At one level it requires you to throw out any assumptions about what developers might need or how they might like to work. We need to start from the ground up and understand collaboration, tooling, processes, skills, and culture.
At Thoughtworks we advocate for a technique we call path-to-production mapping. Although this is a simple idea—in which teams will literally get together and draw all the steps required to make a change and then to push it to production— we rarely see clients do it, leaving developer pain points and inefficiencies uncovered and unaddressed. For teams too, it helps ensure there’s a shared understanding of how things are done. Ultimately, it forces everyone, at multiple levels, to commit to finding out what developers actually do and what they need to accelerate the speed to value. This is a valuable foundation for any future platform development.
At another level, we also need to articulate and acknowledge the wider goals and drivers of the organization. In other words, where do development teams add value? And how can they add value faster?
This will vary widely according to the type of organization. It’s for this reason that a preconceived idea of what a platform should be (i.e., what features it should have) can be risky. It would be great to be able to list examples of exemplary developer platforms—Spotify’s Backstage is, rightly, often held up here—but the issue is that there is no exemplary. A perfect developer platform in one context is an inflexible antipattern in another. Fundamentally, a good platform implements guardrails that allow developers to focus on what they do best: writing and shipping code. It should reduce team cognitive load, minimizing the risk of error and maximizing the time developers can spend on value-adding work.
The needs of software developers and the commercial demands of an organization are best managed or mediated by a product owner. This is a role that’s often overlooked. Not quite a business analyst, nor a strict development role, the product owner is an essential person in ensuring that developers are empowered and that they are also delivering value for the wider organization.
It’s important, however, that capturing feature requirements isn’t viewed as the full extent of platform-as-product work. Attention to detail matters, but we need to be attentive to more than just the nuts and bolts of the platform: we need to make sure that the value of those nuts and bolts can be realized. That can only be done with a coherent and sustained internal marketing and communication strategy.
Again, what this looks like is contextual, driven by things like how an organization is composed, ways of working, and modes of collaboration. There’s no single model of how different types or sizes of organizations should go about this and it would be wrong to think about things in terms of an “enterprise way of doing things” or a “startup way of doing things.” However, some activities and artifacts that could be implemented—at the appropriate level of scale—include documentation (perhaps even a lightweight wiki), training sessions, and clear communication channels to showcase updates and changes.
Ultimately, good (internal) marketing is about ensuring customers are aware of the value the platform is meant to deliver, and how they can realize that value. Sometimes it’s tempting to think that if we’re approaching a platform as a product, its path to value should be seamless, as if any friction is indicative of a problem with the product. This is rarely the case as even the most well-considered platform products need to be marketed to their users.

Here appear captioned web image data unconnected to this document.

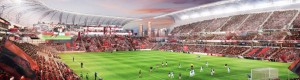 LAFC Stadium Redering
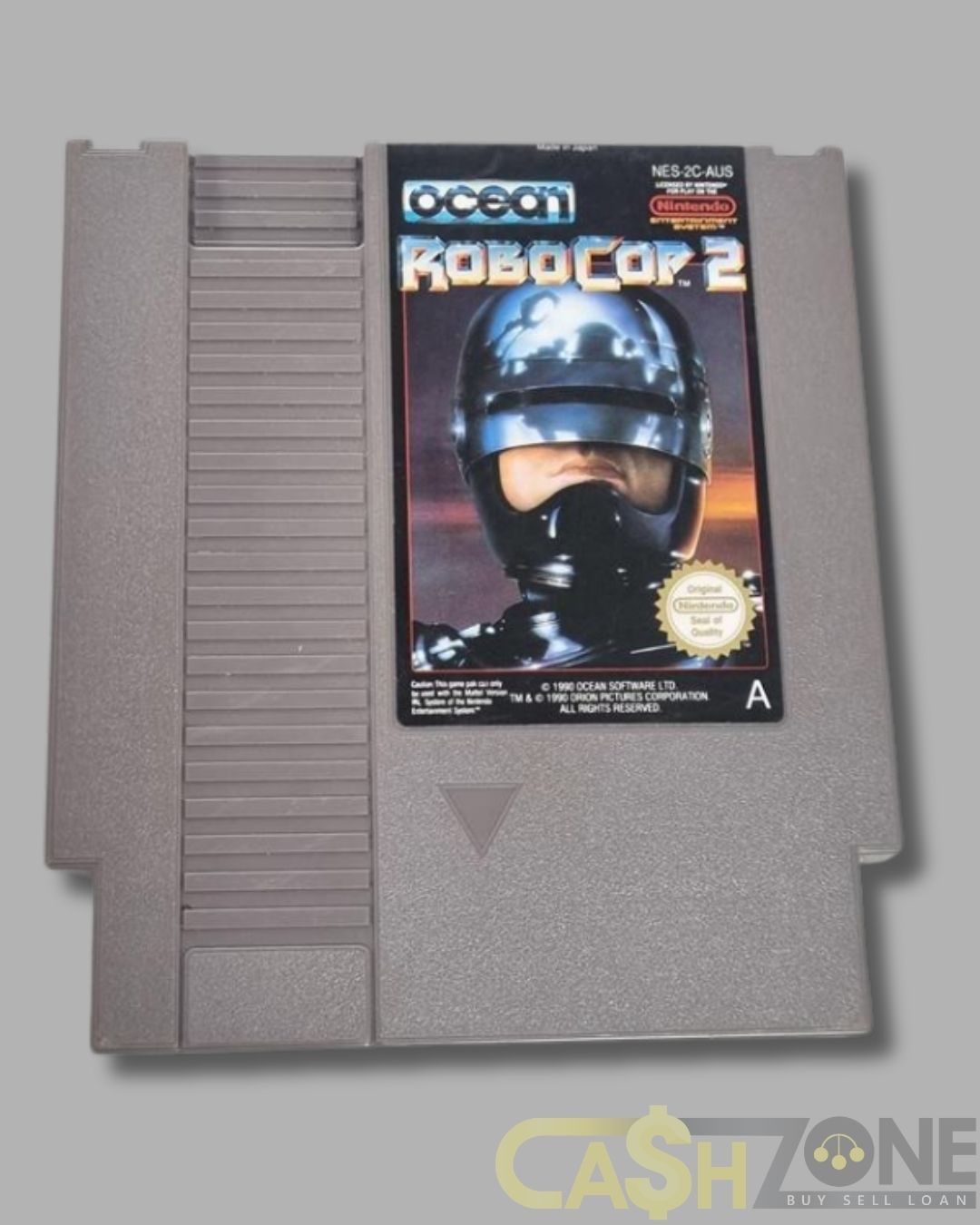 RoboCop 2 NES Game PAL
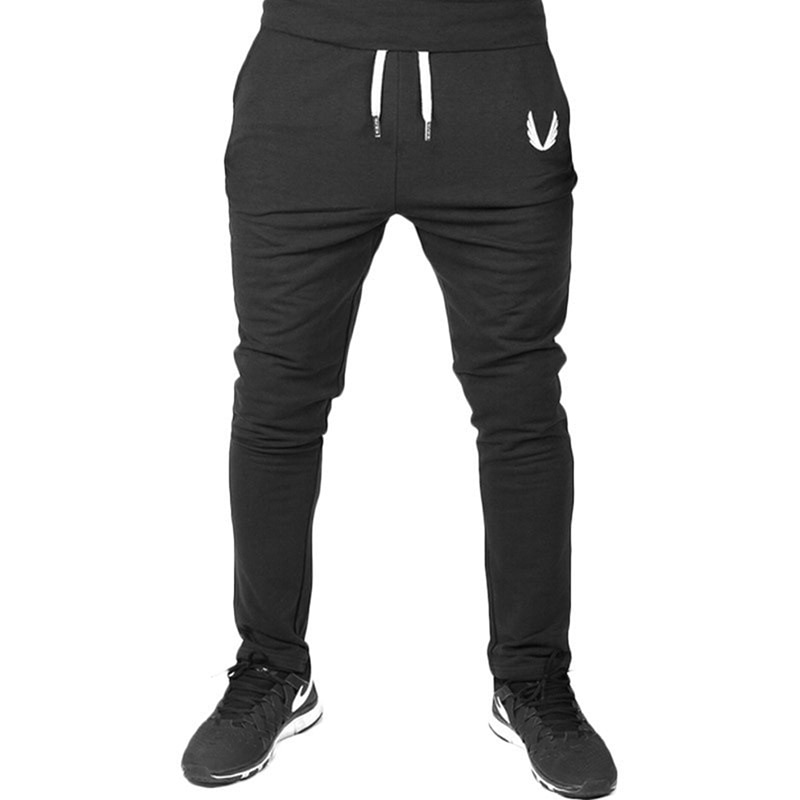 mannen Sport Broek Lente Sportkleding Elastische Mannen Fitness Broek Joggingbroek Ademend Traning Gym Broek Broek 908918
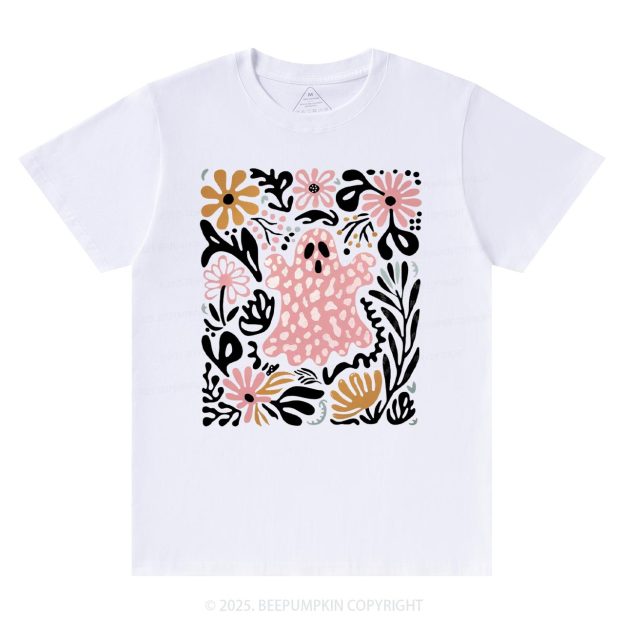 Halloween Boho Ghost T-Shirts Beepumpkin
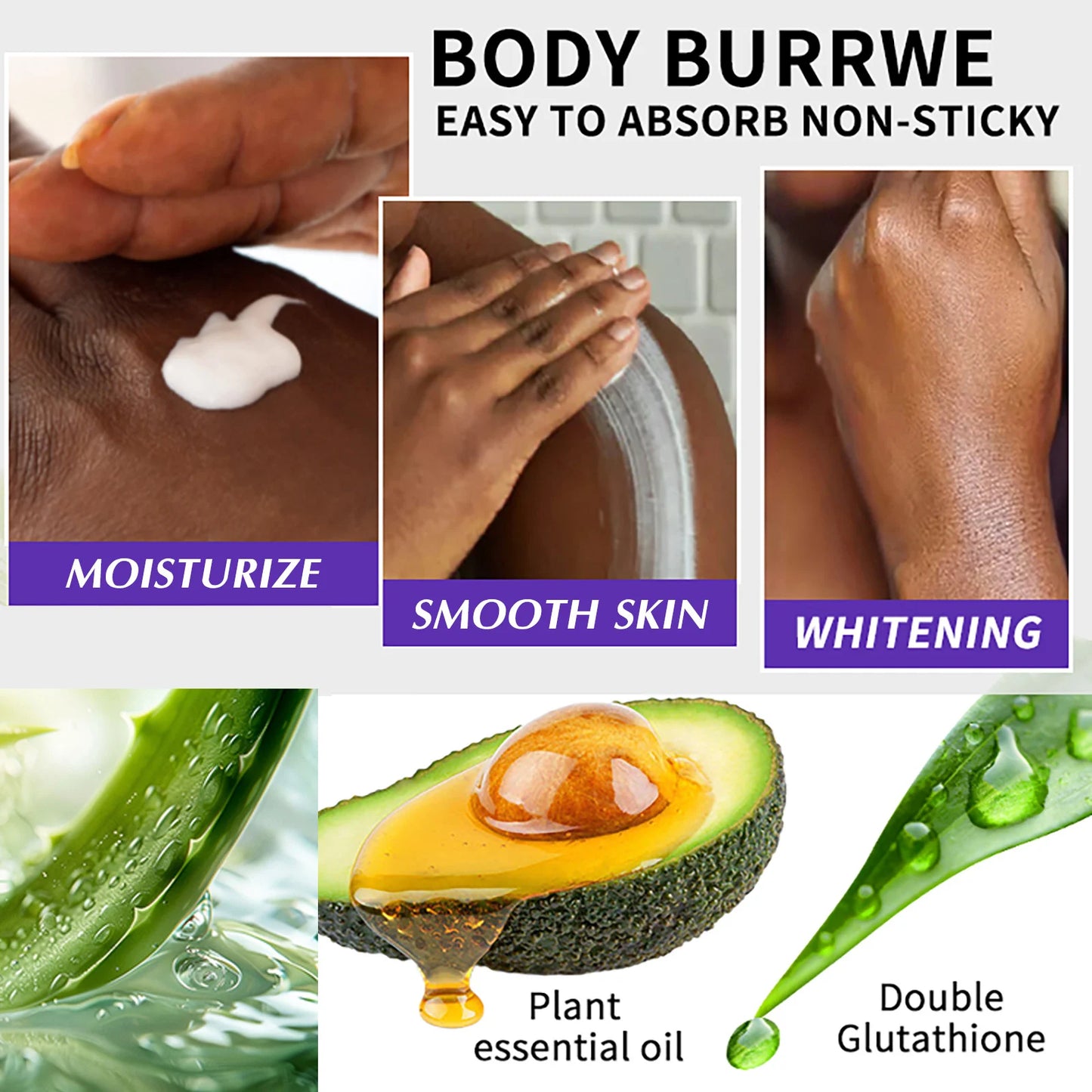 AILKE Double Glutathione Plus Moisturizing Whitening Lotion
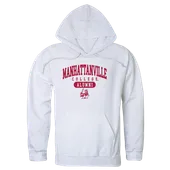 W Republic Manhattanville College Valiants Alumni Hoodie 561-454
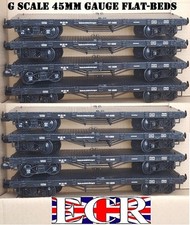 8 X G Échelle 45mm à Plat À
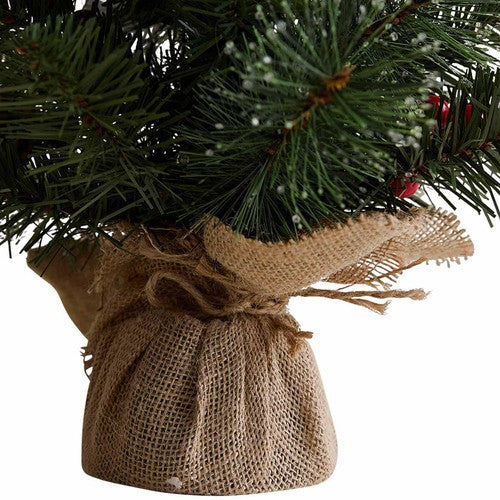 M&S 1.5ft Mini Tree, Red Berries & Pine Cones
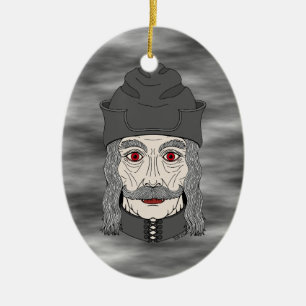 Graf Dracula 2026 Keramik Ornament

Intuitiveness is a good guiding principle when it comes to building a platform product, but it’s a principle that should come with a dose of humility—an awareness that it will never be perfectly intuitive.
There is an important caveat: internal marketing shouldn’t be delivered as a top-down edict. Instead, it needs to be something that facilitates and enables dialogue between those driving a platform and those using it. Marketing should initiate dialogue, encouraging users to ask questions, request new features, and raise issues.
One of the challenges of developer platforms is that they shouldn’t be viewed as things that can just be built, launched, and then forgotten about; they require constant evolution and maintenance. The feedback loops initiated by a considered communication strategy will help here, but it’s also important to consider the ways the platform evolves alongside the organization and emerging technologies.
A technique included for the first time in Volume 27 of our Technology Radar—incremental developer platforms—can be particularly useful as a way of responding to these multifaceted demands. Such an approach not only ensures alignment with the specific needs of users, but also prevents the platform from being derailed by over-ambition—something that typically stems from a preconceived vision of what the platform should look like. The virtues of an incremental approach to software are widely accepted by the industry, so why don’t we bring this thinking to the way we think about platforms and internal tooling?
Developer platforms are far from the most visible or eye-catching part of the technology industry. Yet the way they are approached often reflects the extent to which software development is respected and valued within an organization. If building software really is key to delivering value then we also need to value the experience of doing it.